Lo riconosco. E’ il professore Nello Altavilla, che nel 1987 mi di disse: “La matematica non è il tuo mestiere ma mi hanno detto che in italiano vai forte”. Accadde in una scuola media alla periferia di Napoli. Tante generazioni lo hanno avuto come docente di matematica. Nonostante per me fosse un supplente, è rimasto vivo il suo ricordo tra le pagine del mio diario scolastico. Finiamo a mangiare una pizza insieme, ci insoliamo dagli altri commensali.
Il prof. Altavilla trova terreno fertile di fronte a sé – non si accorge del reporter che c’è oltre la corteccia dell’ex allievo tra ricordi scolastici mescolati a quelli dei suoi studi. Li ariamo insieme e germogliano i sogni della generazione degli anni ’50 del secolo scorso, da studente dell’Alessandro Volta di Napoli fino ai giorni in cui andava a caccia di Renato Caccioppoli, il matematico napoletano raccontato magnificamente al cinema da Mario Martone. Il filo della memoria di Altavilla è lucido e il suo umorismo, che evoca quello dell’Alberto Sordi intervistato, colora la nostra conversazione. La memoria di Altavilla raccoglie ciò che ne era della provincia di un tempo, della semplicità perduta, dove anche la goffaggine e la “spavalderia dei vitelloni felliniani” erano in sintonia con quelle del Belpaese in bianco e nero.
Giungo ad una conclusione: la scuola ai tempi in cui ero allievo sedimentava legami speciali tra docenti e alunni. Nonostante sia passata tanta acqua sotto i ponti, troppa forse, il professore veterano fila la lana della confidenzialità con uno dei suoi tanti allievi. Questo per dire che, se ognuno di noi trovasse il coraggio di andare a far visita ad un ex professore in pensione, regaleremmo al nostro interlocutore la gioia di chi non vuole essere trascurato.
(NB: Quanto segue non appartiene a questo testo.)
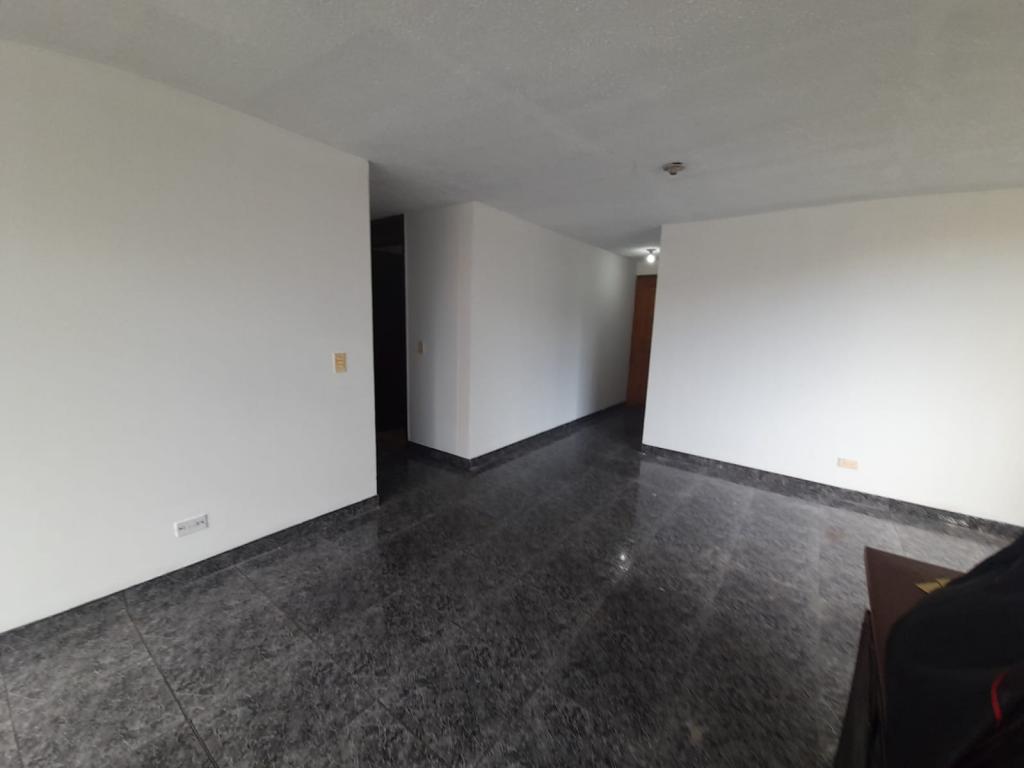Apartamento en arriendo en Salitre, Bogotá · foto 3 de 11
Il professore Nello Altavilla non si era accorto di essere finito in un’intervista. E forse un giorno ci ritroveremo a fare una passeggiata sottobraccio, a notte fonda, in corso Buenos Aires a Milano, canticchiando L’immensità. “Sì, io lo so tutta la vita sempre solo non sarò” metterà nero su bianco il legame tra un professore di matematica e un alunno “preso in prestito” in un’altra classe, che in fin dei conti non avevano smesso mai di volersi bene.